In a week where I got highly sought-after tickets to the world premiere of an ancient Kunqu, the premiere of Francesca Zambello’s Carmen at the NCPA, and a rare recital by Li Yundi, I would be insane to believe that I could yet find another ticket that could top those. But I may just have: Fat Joe.

Fat Joe, to those uninitiated, is a top-class American rapper and the CEO/proprietor of Terror Squad, a successful record label. His music has occupied my various MP3 players since 2002, and his album, Elephant in the Room, while not exactly a huge commercial success, is a versatile anthology of hip-hop and one of my favorites. Even though Maria Callas is one of my favorite opera singers and though I have over a hundred of her CDs and DVDs, I can’t even claim to have collected half of her output. But I surely have every single record Fat Joe has ever produced and sung in. That attests to the kind of luvin’ I give to Fat Joe! I consider Fat Joe to be a master lyricist whose tight verses are rhythmically well matched up against fiery beats. In this performance in Beijing, he appeared for about 40 minutes, crisscrossing between older numbers and newer ones. His calling card, Lean Back, was smashingly thrilling and authoritative, and got the most ardent response from his fans, some of whom, standing close to me, were reciting the lyrics in near verbatim without missing a beat. During his performance of What’s Luv, he was visibly in a lovin’ groove, interacting with the house with an affectionate gaze. Between numbers, he showed off his tremendous MC skills by firing up and hustling the crowd. The crowd returned much love, eagerly and frenetically responding to Fat Joe’s calls. When Fat Joe talked about his jailed buddy and frequent collaborator, Lil Wayne, the crowd went nuts, obviously showing much sympathy and love, irrespective of his legal troubles.

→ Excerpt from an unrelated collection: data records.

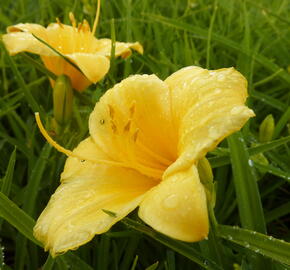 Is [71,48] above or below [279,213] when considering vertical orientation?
above

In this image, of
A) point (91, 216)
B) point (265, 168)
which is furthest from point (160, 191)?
point (265, 168)

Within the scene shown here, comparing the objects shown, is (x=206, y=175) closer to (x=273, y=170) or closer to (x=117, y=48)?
(x=273, y=170)

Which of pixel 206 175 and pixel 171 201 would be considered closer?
pixel 171 201

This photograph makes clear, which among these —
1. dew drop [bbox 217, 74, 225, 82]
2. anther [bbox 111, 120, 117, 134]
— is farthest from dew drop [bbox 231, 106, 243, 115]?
anther [bbox 111, 120, 117, 134]

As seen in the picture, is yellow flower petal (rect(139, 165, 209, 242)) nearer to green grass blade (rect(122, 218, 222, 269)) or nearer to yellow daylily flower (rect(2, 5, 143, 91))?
green grass blade (rect(122, 218, 222, 269))

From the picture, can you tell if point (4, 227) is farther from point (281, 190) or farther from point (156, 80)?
point (281, 190)

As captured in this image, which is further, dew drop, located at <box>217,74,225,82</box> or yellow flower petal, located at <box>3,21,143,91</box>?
yellow flower petal, located at <box>3,21,143,91</box>

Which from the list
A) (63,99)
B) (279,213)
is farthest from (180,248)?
(63,99) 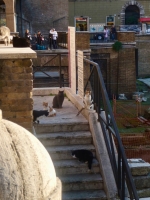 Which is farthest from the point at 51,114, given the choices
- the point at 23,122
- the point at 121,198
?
the point at 121,198

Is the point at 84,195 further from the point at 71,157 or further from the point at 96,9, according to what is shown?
the point at 96,9

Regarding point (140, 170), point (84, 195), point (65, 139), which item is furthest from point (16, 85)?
point (140, 170)

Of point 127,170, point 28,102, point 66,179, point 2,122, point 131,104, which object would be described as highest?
point 2,122

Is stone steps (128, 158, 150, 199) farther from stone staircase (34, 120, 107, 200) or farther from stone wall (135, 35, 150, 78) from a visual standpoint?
stone wall (135, 35, 150, 78)

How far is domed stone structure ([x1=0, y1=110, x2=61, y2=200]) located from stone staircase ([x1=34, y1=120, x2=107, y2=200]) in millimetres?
4523

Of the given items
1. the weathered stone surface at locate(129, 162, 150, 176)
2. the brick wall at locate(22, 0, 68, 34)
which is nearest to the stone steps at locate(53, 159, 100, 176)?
the weathered stone surface at locate(129, 162, 150, 176)

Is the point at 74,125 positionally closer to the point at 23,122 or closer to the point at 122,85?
the point at 23,122

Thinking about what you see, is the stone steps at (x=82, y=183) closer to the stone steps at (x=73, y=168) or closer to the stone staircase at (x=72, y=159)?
the stone staircase at (x=72, y=159)

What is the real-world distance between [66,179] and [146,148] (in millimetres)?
8425

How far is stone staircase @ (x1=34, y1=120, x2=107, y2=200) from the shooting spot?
754 centimetres

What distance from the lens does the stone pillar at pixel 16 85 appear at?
301 inches

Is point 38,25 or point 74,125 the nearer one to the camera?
point 74,125

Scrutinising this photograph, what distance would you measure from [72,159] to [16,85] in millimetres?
1484

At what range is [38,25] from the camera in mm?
41500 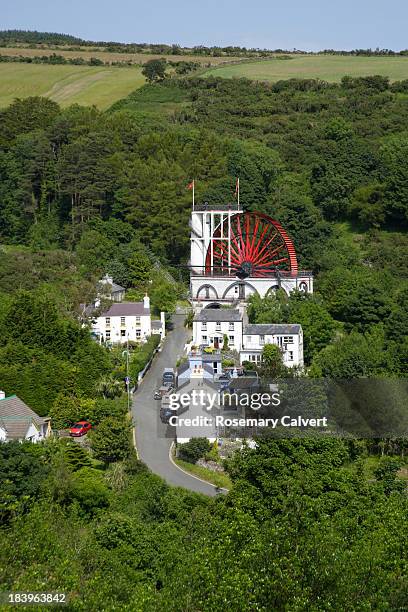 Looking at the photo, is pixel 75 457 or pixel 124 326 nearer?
pixel 75 457

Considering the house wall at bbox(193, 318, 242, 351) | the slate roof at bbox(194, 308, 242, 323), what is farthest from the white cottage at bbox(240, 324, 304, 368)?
the slate roof at bbox(194, 308, 242, 323)

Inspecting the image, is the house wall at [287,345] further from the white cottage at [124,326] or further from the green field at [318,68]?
the green field at [318,68]

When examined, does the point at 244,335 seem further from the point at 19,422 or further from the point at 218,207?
the point at 218,207

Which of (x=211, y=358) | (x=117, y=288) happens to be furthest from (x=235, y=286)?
(x=211, y=358)

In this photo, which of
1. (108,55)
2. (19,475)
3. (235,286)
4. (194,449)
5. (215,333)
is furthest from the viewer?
(108,55)

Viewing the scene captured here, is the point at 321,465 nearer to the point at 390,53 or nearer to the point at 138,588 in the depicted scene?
the point at 138,588

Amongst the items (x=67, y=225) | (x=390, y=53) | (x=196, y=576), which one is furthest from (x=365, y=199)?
(x=390, y=53) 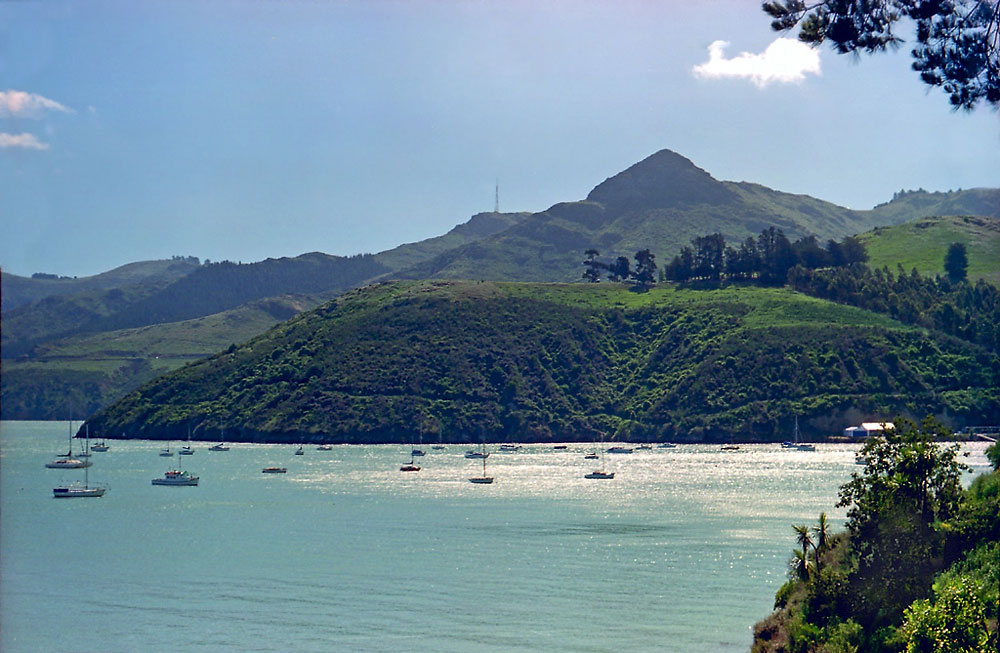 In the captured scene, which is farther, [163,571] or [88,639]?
[163,571]

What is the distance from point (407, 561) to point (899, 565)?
1759 inches

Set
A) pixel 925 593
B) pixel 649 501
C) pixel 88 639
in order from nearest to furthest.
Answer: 1. pixel 925 593
2. pixel 88 639
3. pixel 649 501

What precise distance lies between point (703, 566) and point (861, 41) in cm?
5222

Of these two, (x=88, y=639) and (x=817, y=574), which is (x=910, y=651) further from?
(x=88, y=639)

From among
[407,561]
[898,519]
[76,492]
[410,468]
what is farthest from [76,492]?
[898,519]

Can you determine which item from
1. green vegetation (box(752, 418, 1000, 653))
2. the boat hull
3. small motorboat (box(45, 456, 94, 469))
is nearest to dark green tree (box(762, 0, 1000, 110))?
green vegetation (box(752, 418, 1000, 653))

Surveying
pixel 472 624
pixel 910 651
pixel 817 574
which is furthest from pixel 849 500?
pixel 472 624

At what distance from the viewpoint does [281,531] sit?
342ft

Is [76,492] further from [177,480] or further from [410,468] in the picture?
[410,468]

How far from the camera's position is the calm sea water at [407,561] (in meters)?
60.6

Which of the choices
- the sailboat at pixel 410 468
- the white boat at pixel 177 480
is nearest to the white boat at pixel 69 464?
the white boat at pixel 177 480

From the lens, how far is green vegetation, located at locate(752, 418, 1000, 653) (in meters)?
40.7

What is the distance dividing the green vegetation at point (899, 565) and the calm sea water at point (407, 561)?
711 cm

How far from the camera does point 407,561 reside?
3337 inches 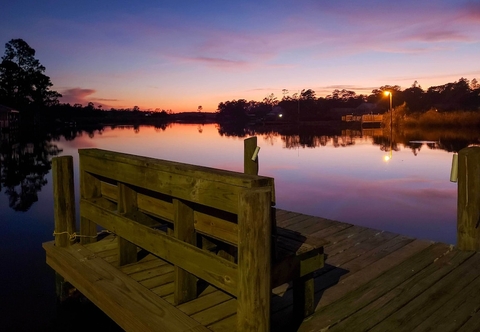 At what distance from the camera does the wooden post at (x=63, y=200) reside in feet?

Fat Joe’s appearance in Beijing was a rare gem because, according to his tweet, he was in Asia for the very first time in his career. Also, as far as I could remember, Fat Joe has never been a big fan of flying, and would opt for buses over airplanes whenever he tours North America (ok, if not flying, I’d seriously like to find out how he managed to get from NYC to Asia). This week, I did not meet Zambello, nor did I hustle with Stan Kwan. But I shoved aside plenty of fans – many half a decade or more younger than I – to get to the edge of the stage, and high-fived Joey Crack. Whatever Li Yundi does tonight is not going to beat that. Ya digg?

Fat Joe in Beijing

Fat Joe in Beijing.

Fat Joe in Beijing

This is how close I got to him, before high-fiving him.